30: The House of the Soulless
Joel walked up to the now open door. It was strange seeing him dressed in such a conservative uniform, which had enough padded body armour to give the illusion of muscles he most certainly did not have. “Looks like it leads outside,” he said. “First floor balcony, innit? Should’ve picked up that sniper rifle when we had the chance. Bet there’re loads of nasties out there.”
The weapon in question was locked behind a simple children’s puzzle. It was the sort of set-up that pushed Dante’s suspension of disbelief close to breaking point and served to remind him that, no matter how real everything might have seemed, this was still just a game. The puzzle itself involved sliding pieces of a picture around a board, but some were missing. Dante had two of them stuffed in his pocket, alongside a box of matches, a lock pick and a roll of black tape. Joel had insisted they would all be useful ‘at some point’.
Presently, the raven was inching through the door, gun drawn, gesturing Dante to follow him. Outside, the balcony overlooked a courtyard swarming with overgrown weeds and climbing vines. A low moan confirmed that at least one animated corpse was waiting in the nighttime shadows to ambush any player unwary enough to rush out into the open. Across the other side of the courtyard, a pair of flickering lights illuminated a suspicious door, set alone on a concrete-grey wall.

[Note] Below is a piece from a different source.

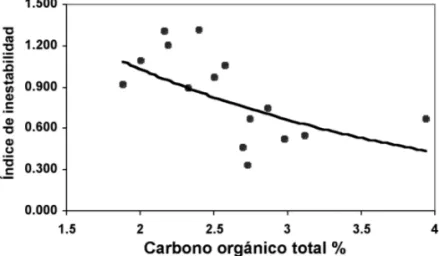 Fig. 3. Relación entre el Is y el COT para la Serie Arrúa.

“I bet that leads to the laboratory,” said Joel, as he peeked over the balcony. “That’ll be where they’re manufacturing the virus. Man, what I’d give for a rocket launcher right about now. Could proper blow that place sky high and win the game with a single shot. That bloody ponce wouldn’t know what hit him.”
Joel remained convinced that their rival players — not that there seemed much room for competition in such a game — were Byron and Deneb, if not Chris and Lance. At present, however, the only signs of their fellow initiates had been a few bloody corpses and stray bullet holes in the mansion walls. Without access to modern technology, there was no telling where they were, or even if they were still playing.
Joel slipped back into the shadows and checked the clip of his weapon. “Six bullets ain’t gonna get us far,” he said. “There’s at least as many nasties out there, and they eat these things up like I would a pizza. We’re gonna need that rifle. Think you can get it?”
Dante shrugged. They were still missing a piece of the puzzle, after all.
“Right,” said Joel. “I tell you what. I’ll slip down into that courtyard and stealth the shit outta those bastards while you go fetch it. That way, I can draw them out into the open for when you get back. Things get tough, I can just leg it outta there, right?”
It was an awful plan, the sort of strategy that would leave their Seelie instructors palming their faces in despair, but it was precisely the sort of thing Joel’s virtual heroes would do. Were Dante the one calling the shots, he would have suggested further exploration and careful preparation, using all the tools at their disposal to achieve their goals with the minimum of effort. Dante, however, was not calling the shots. This was Joel’s world.
Oh Joel, if only you had a cardboard box!